I wanted to talk about photography as exploration. Illustration of photography has always been used to document people’s expeditions and explorations and how we can all be explorers by using cameras.
Q: By going out there?
That is, in fact, sort of how I view photography: it makes me want to go out and explore. And then, when I find something, I want to take a picture of it.
Q: And also show it!
Yeah and also show it. I mean, it used to be me and the publisher and that was very difficult to find. But now, because of social media, we can be the publisher as well, so we can put our own work out there. You know, on Instagram or whatever, even self publish a book. That’s a big change in my lifetime!
Q: You could have also chosen established topics to photograph, why did you choose graffiti?

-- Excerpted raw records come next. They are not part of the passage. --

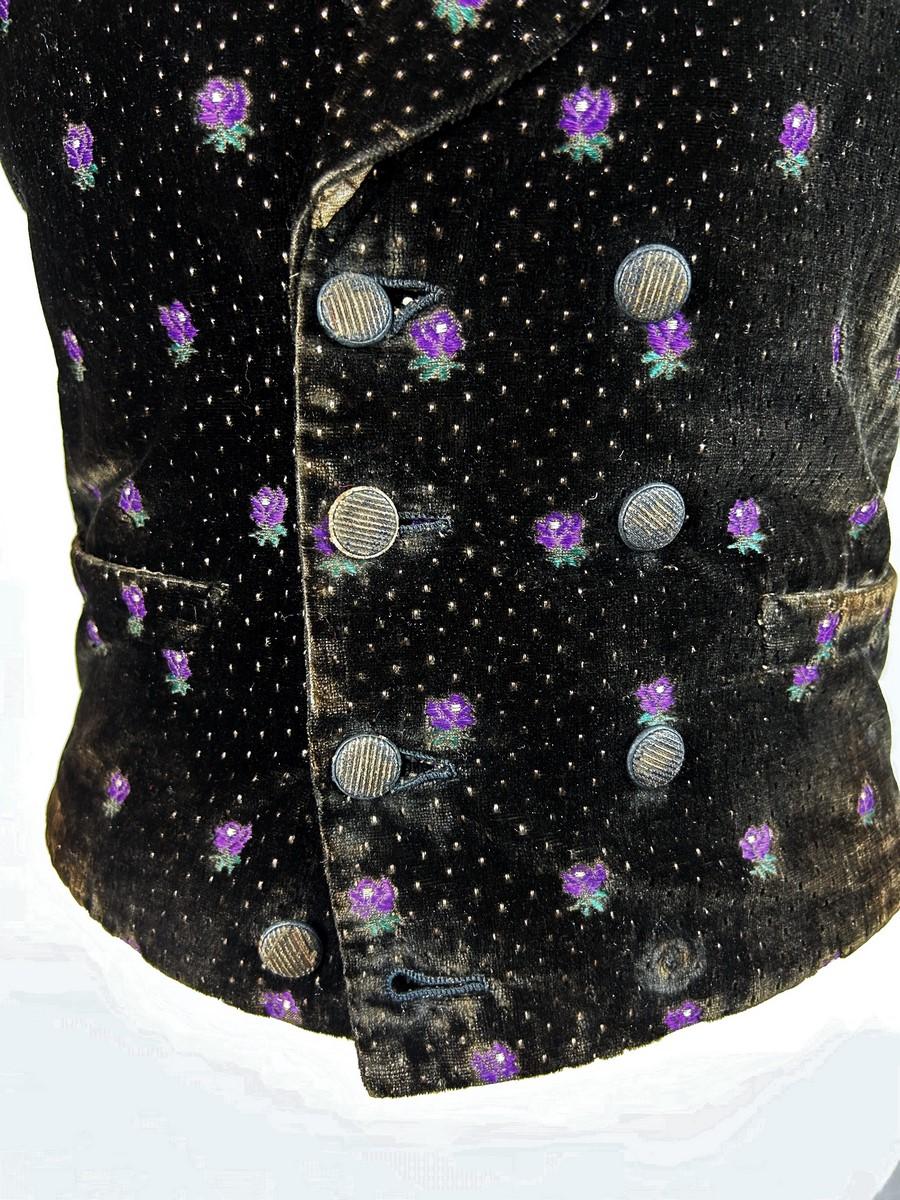 Elegant French Victorian waistcoat in brocaded velvet - France Circa 1860 For Sale 6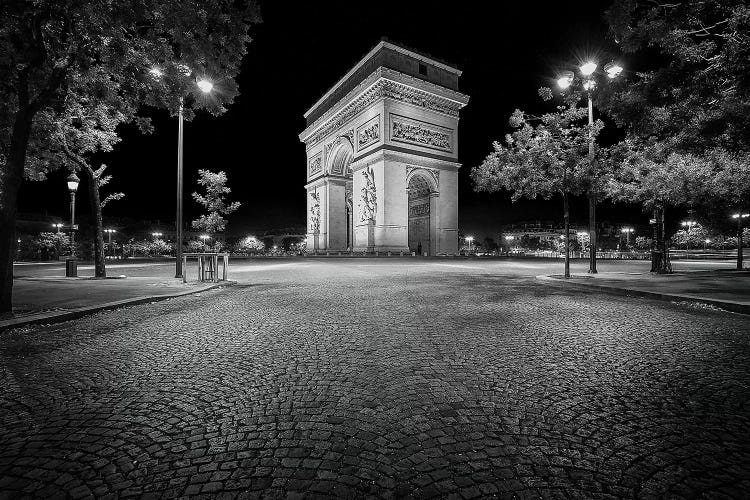 Paris, Arc De Triomphe In Black And White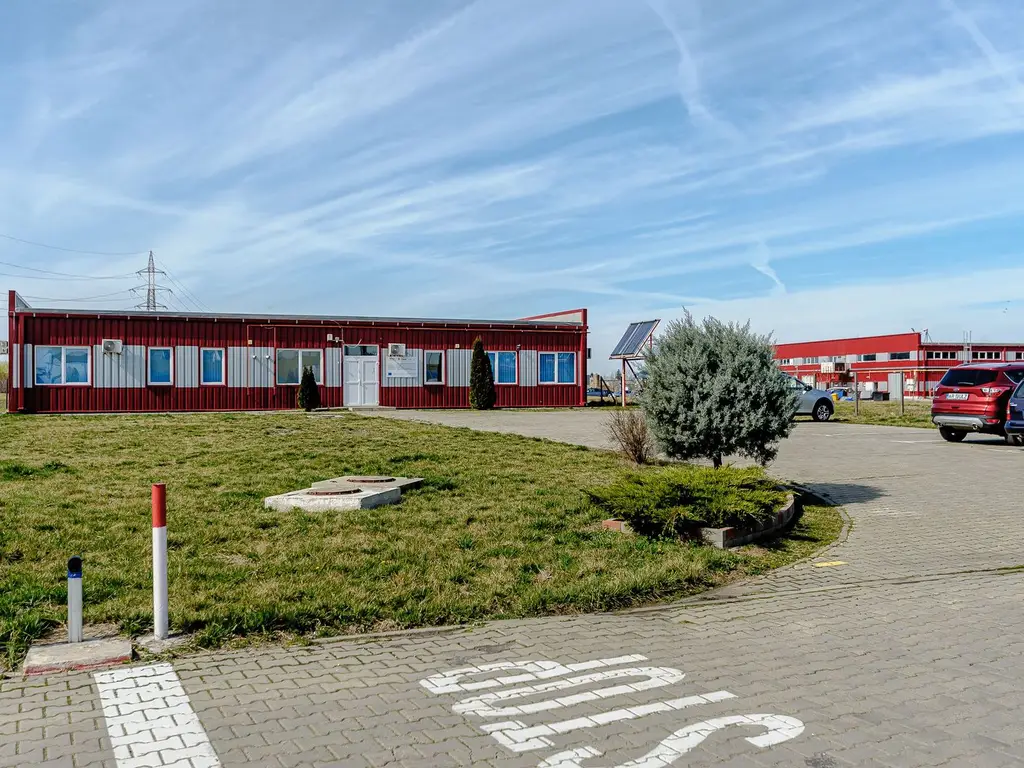 Clădire de birouri cu 12 parcări în incintă privată, UTA2, Arad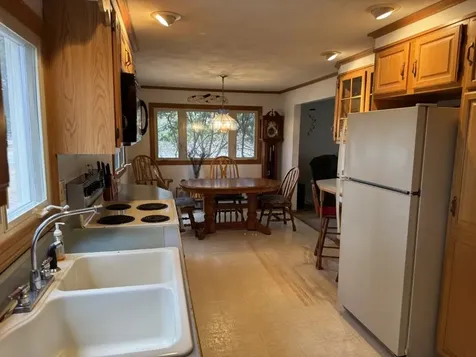 118 Winnicutt Road Stratham NH 03885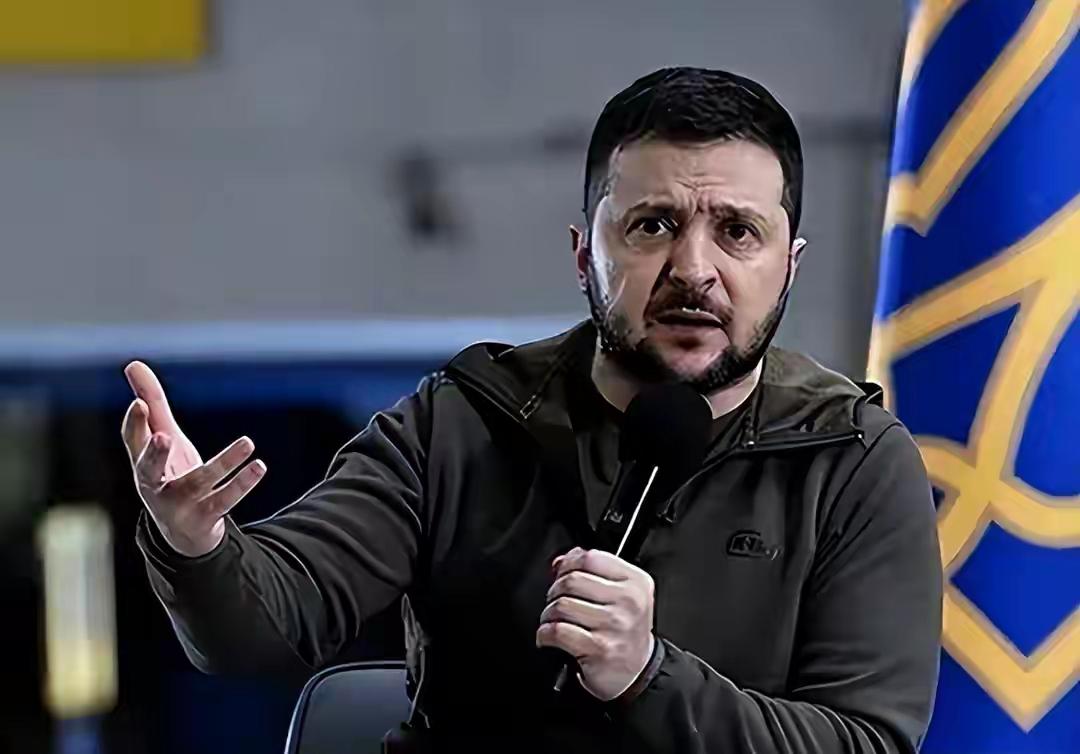 最初，泽连斯基信心满满是想加入北约的，由于俄罗斯的底线是乌克兰不能加入北约，没有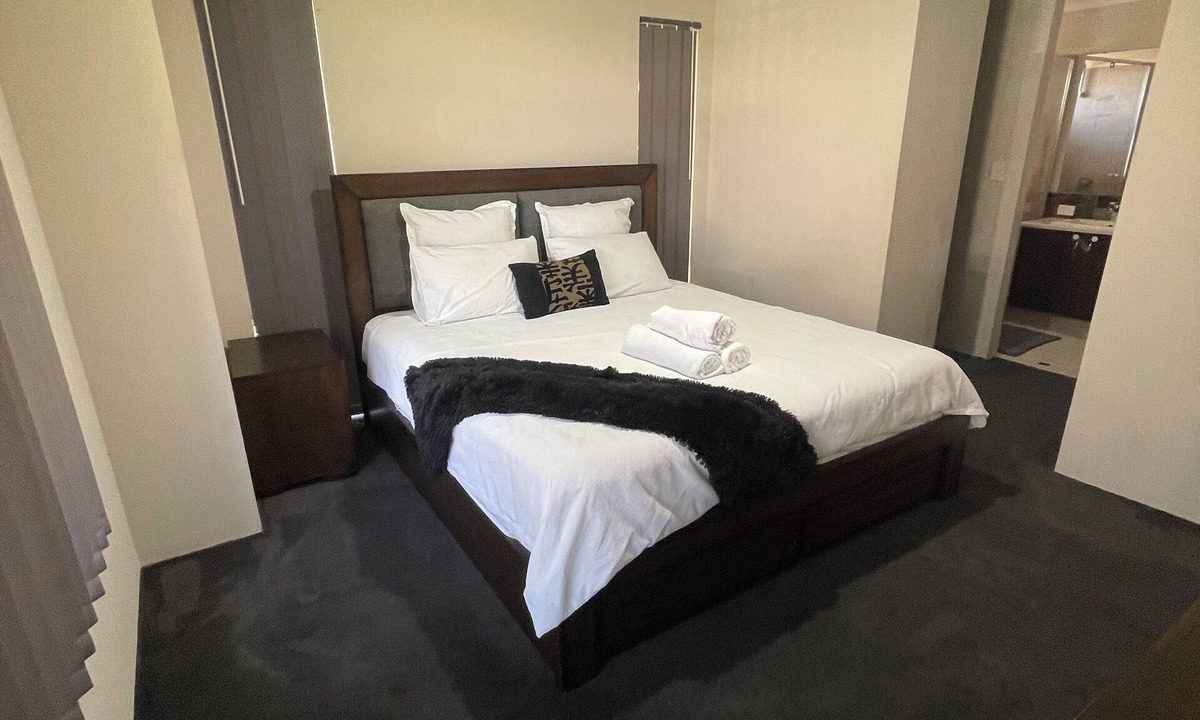 Landsdale House | Rehoboth Landsdale WA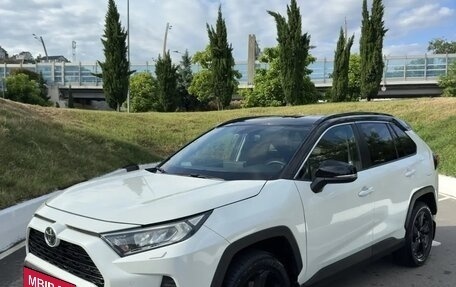 Toyota RAV4, 2020 год, 2 835 000 рублей, 2 фотография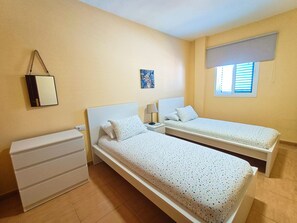 Fer et planche à repasser, Wi-Fi, draps fournis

When I first became aware of what it was, it just… I had actually been an art major, so the idea that young people had an art that adults didn’t understand, made me feel like I had been led into a secret world. They were so into it, there was a vocabulary, there were so many aesthetics and rules of how they did it. It was just fascinating to me that it was coexisting with art in the “real world”. I just got drawn in to the topic. I didn’t really choose it, it chose me – kind of.
Q: Which work of yours, do you think, will have the most impact?

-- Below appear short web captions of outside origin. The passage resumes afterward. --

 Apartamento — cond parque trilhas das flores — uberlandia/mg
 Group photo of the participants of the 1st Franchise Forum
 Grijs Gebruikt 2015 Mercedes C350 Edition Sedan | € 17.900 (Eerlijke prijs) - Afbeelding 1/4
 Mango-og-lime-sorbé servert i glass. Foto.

The book “Subway Art”. This year a new edition came out. It was first published in 1984. This is definitely what has had the most impact. No matter where I go, kids are coming up to me and saying, I grew up on Subway Art.
Q: What do you know about Austrian street art culture and graffiti artists?
I don’t know a lot about it, but I’m going to find out about it, because I’m going on an streetart Instawalk today. I know Nychos, he and I have crossed paths. We were in Bangkok together last year. He was spraying on Coney Island this spring. There is a kind of a street art circuit and a lot of artists are on that circuit. And that is also what I like about it: I can spend time with the artists and watch them work, because for me watching them work is way more interesting than just seeing the finished wall. I like to see the process.
Q: Are you nervous before your talk?
Completely scared. I’m not a practiced speaker, so it’s a scary thing to do, but everybody has been very helpful!